Boca se puso muy rápido en ventaja, al aprovechar Palacio un rebote en un defensor y clavar un derechazo que el arquero ecuatoriano no pudo controlar. Eso conspiró contra el espectáculo, porque Boca «levantó el pie del acelerador» y empezó a cuidar la pelota, manejándola con prolijidad, pero sin profundidad.
Esto hizo que Deportivo Cuenca se sintiera cómodo con el trámite del partido y se metiera atrás, sin arriesgar.
Battaglia y Vargas monopolizaron la pelota, que pasó muy pocas veces por los pies de Riquelme, por lo que Boca tuvo control de balón, pero le faltó audacia para sorprender a un equipo con dos líneas de cuatro en su campo.

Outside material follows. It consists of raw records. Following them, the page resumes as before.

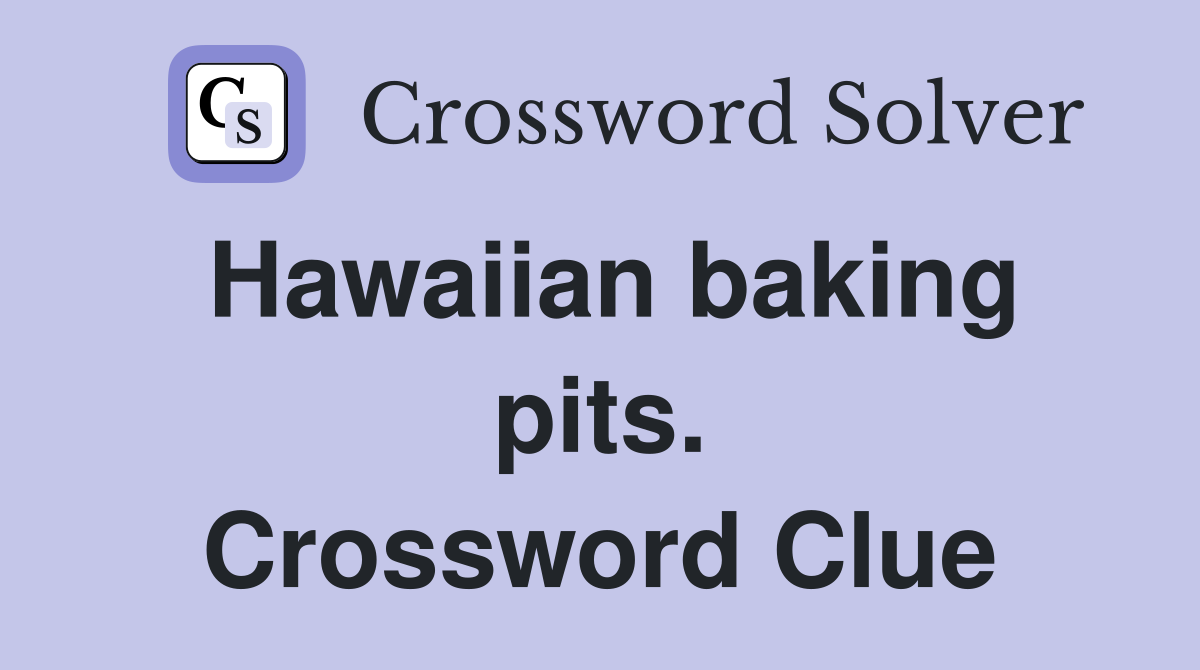 Hawaiian baking pits. Crossword Clue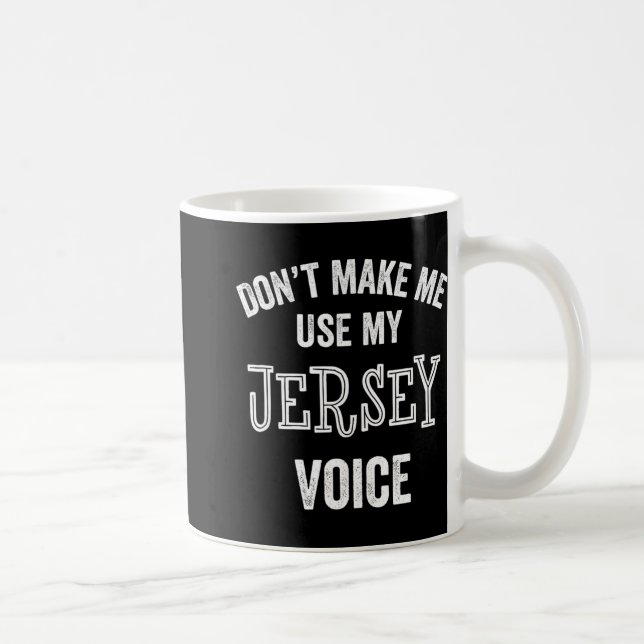 Jersey Voice Accent New Jersey Funny Gift Jerseyan Kaffeetasse (Rechts)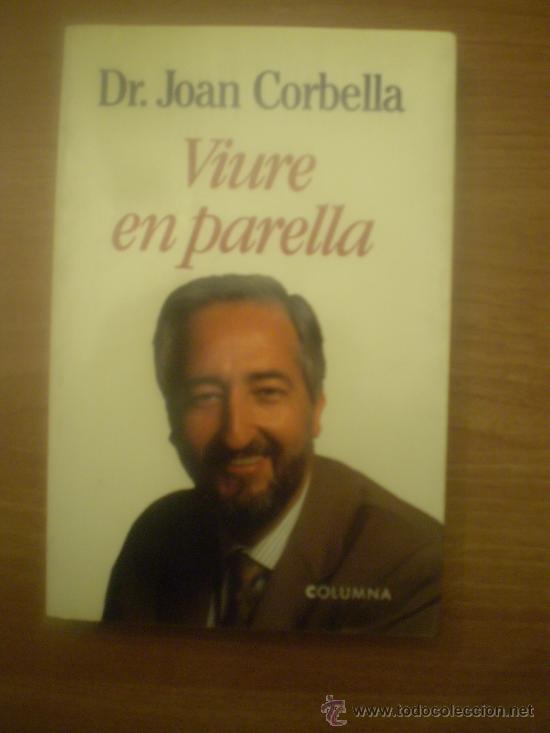 Libros de segunda mano: DR,JOAN CORBELLA - VIURE EN   PARELLA   -- COUMNA - Foto 1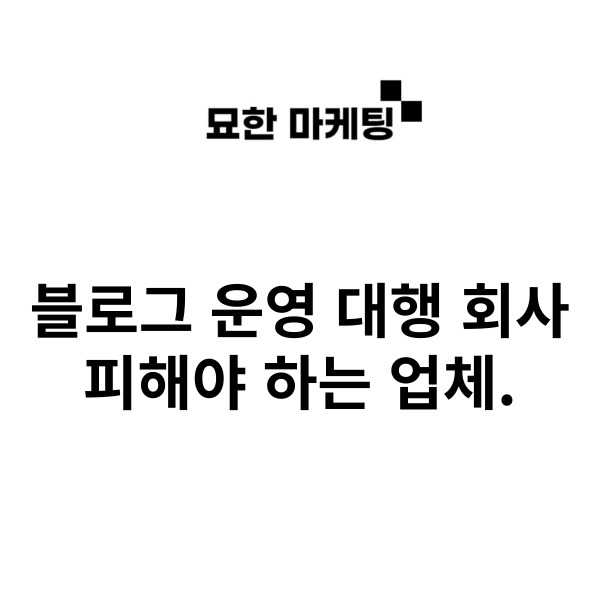 블로그 운영 대행 회사, 피해야 하는 업체.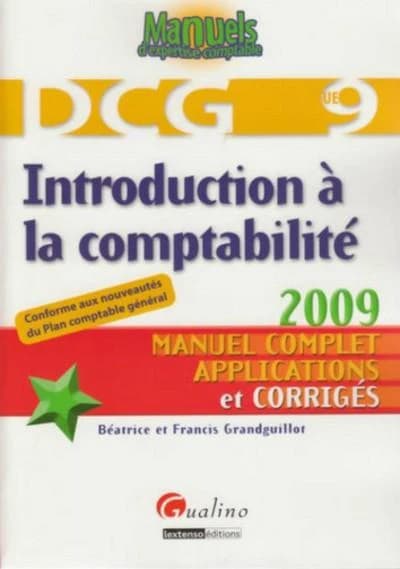 Introduction à la comptabilité 2009 : manuel complet, applications et corrigés ([Nouvelle éd.], conforme aux nouveautés du plan comptable général) Béatrice et Francis Grandguillot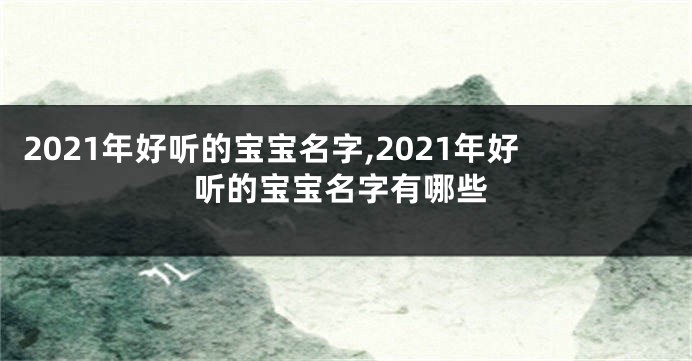 2021年好听的宝宝名字,2021年好听的宝宝名字有哪些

Por eso, un limitado Deportivo Cuenca hasta pudo empatarle en un mano a mano que Abbondanzieri le tapó al brasileño Rodrigo Teixeira.
Ischia puso a Palermo por Viatri, para juntarlo con Palacio, pero la fórmula demostró más su falta de estado futbolístico que su potencia. A Palermo le anularon un gol de cabeza por posición adelantada, que no era, pero fue la única vez que el legendario goleador pudo superar a los defensores.
Boca volvió a jugar mal, tan mal como el sábado ante Newell's, pero esta vez se llevó el triunfo, porque se encontró con un rival limitado. Comenzó con tres puntos la Copa, pero sin lucir.
De cualquier manera, preocupa mucho el rendimiento, porque Riquelme no aparece. Mouche como volante izquierdo se encontró perdido y Vargas y Battaglia están más para destruir, que para construir. Falta frescura y desequilibrio.